Return exactly the line that contains "Step 15: Click on ABM Stage" and all lines beneath it in the entries, through the very last one.

Exercise material:
=== Begin Enclosure ===

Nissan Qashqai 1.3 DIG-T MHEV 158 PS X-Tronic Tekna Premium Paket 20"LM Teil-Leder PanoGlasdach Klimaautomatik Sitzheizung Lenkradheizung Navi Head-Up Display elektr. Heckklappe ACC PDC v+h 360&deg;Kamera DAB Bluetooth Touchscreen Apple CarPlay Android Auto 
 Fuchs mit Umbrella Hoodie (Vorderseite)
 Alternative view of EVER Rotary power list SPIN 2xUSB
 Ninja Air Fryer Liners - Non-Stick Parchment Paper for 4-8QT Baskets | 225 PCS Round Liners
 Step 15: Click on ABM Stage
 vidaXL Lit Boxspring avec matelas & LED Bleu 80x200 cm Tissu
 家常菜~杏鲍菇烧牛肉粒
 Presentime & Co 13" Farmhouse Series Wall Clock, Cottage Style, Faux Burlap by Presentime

=== End Enclosure ===

Exercise output:
 Step 15: Click on ABM Stage
 vidaXL Lit Boxspring avec matelas & LED Bleu 80x200 cm Tissu
 家常菜~杏鲍菇烧牛肉粒
 Presentime & Co 13" Farmhouse Series Wall Clock, Cottage Style, Faux Burlap by Presentime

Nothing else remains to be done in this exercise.